Digital Conversations

Wednesday, October 12

Mutli-Disciplinarity or Fragmented Community
The debate that has been occuring in the field of game studies since perhaps its beginning, the question has become a personal one over the last few months. A recent conversation with a colleague has brought to my attention, the problem that the multi-discplinarity of game studies faces. I am, by departmental affiliation, a sociologist. My colleague is working in semiotics. I have successfully meshed theoretical frameworks from both disciplines in the past with another colleague. Yet, this time around, the critique of my work stemmed not from my ideas, but my methodological presentation. For my colleague, who is used to a different arguement structure, felt that my paper was weak for the structure I had used (a common sociological presentation). I am not complaining that my paper was critiqued, and I must agree that since my paper was eventually to be reviewed by an IT department, my colleagues comments were potentially on target.
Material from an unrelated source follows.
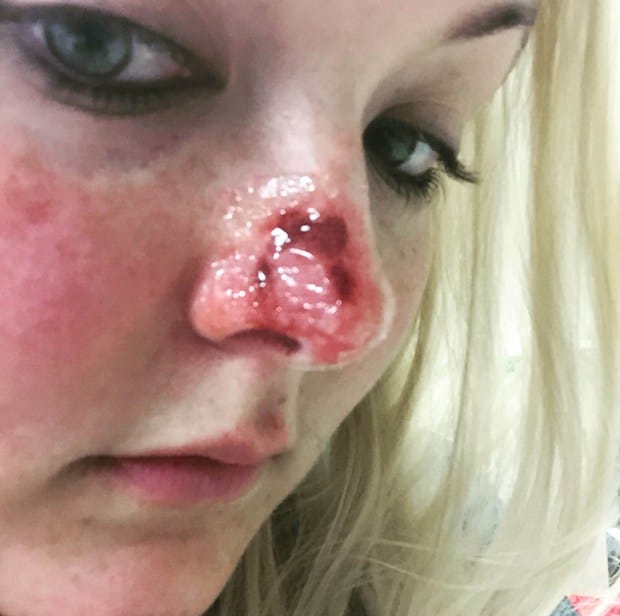 Nurse with coin shaped HOLE in nose because of skin cancer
This got me thinking about the field of game studies. Since it is still compiled of members from other disciplines - design, cinema, literature, communications, sociology, psychology and the list is probably as long as the list of academic disciplines, there is no unified lens with which to judge work coming into the field. When I submitted a paper for a past conference, one of the reviewers came from a design discipline. Although they found the topic interesting, they admitted to having had to read it more then once to get through the jargon. And I thought I was being quite general when I wrote it.

Another problem it causes is the 'working in a bubble' feeling that was brought up recently by another colleague. Knowing full well that my research and the theory that frames it comes out of my discipline, I sometimes get the feeling that someone, somewhere, has said the same thing using a different theoretical framework from another discipline. In this case, I admit to often feeling that game studies is merely a fragmented umbrella discipline like the "liberal arts", encompassing many other disciplines to talk about one topic from many different perspectives.

So, the question I am faced with is: Can there ever be such thing as a true field of game studies? A discipline that eventually has its own theoretical cannons that strongly stand alone beyond any other discipline? Or is it doomed to remain an umbrella?